The problem:
Among the lines below, count those with the word "Chapter". Answer with the number only.

(Items listed in a dataset)
[Start of section]
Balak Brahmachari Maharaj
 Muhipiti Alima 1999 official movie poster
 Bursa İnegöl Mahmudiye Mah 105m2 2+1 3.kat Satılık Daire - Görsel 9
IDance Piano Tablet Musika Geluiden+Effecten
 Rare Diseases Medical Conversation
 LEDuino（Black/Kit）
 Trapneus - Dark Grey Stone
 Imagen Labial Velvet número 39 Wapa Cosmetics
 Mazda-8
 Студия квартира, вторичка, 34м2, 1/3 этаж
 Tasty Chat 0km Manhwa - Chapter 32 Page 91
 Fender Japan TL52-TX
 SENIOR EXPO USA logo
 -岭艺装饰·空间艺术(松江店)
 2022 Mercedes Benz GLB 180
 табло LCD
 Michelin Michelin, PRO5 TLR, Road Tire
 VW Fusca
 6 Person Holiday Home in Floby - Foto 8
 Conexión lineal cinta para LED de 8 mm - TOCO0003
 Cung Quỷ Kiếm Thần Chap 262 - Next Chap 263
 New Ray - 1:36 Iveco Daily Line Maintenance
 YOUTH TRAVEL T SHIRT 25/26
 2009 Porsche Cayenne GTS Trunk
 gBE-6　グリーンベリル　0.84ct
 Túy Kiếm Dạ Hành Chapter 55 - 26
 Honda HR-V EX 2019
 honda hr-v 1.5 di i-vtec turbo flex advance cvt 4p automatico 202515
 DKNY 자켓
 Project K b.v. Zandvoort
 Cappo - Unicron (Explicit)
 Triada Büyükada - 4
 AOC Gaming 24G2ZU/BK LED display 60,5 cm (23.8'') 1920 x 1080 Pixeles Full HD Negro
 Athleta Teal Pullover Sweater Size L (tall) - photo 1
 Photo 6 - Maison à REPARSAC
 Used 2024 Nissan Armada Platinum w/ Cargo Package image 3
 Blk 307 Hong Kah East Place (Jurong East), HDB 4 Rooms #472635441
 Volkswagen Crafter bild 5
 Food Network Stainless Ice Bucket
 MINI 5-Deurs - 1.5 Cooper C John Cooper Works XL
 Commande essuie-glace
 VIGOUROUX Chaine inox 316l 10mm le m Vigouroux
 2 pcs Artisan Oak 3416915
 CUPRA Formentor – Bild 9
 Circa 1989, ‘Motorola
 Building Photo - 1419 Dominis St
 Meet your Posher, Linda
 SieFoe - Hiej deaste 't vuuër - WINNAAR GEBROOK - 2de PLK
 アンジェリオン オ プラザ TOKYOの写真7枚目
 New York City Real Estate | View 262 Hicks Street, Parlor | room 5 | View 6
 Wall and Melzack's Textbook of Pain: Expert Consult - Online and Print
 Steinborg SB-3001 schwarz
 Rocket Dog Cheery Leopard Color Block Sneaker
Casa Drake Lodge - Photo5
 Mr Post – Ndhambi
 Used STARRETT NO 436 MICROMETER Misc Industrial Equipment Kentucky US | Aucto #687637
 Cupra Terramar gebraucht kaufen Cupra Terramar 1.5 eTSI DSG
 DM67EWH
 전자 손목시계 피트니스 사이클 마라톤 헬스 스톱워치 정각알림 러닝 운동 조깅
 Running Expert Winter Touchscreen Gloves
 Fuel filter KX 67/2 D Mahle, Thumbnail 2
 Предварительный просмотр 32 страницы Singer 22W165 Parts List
[End of section]
Solution for this exercise:
2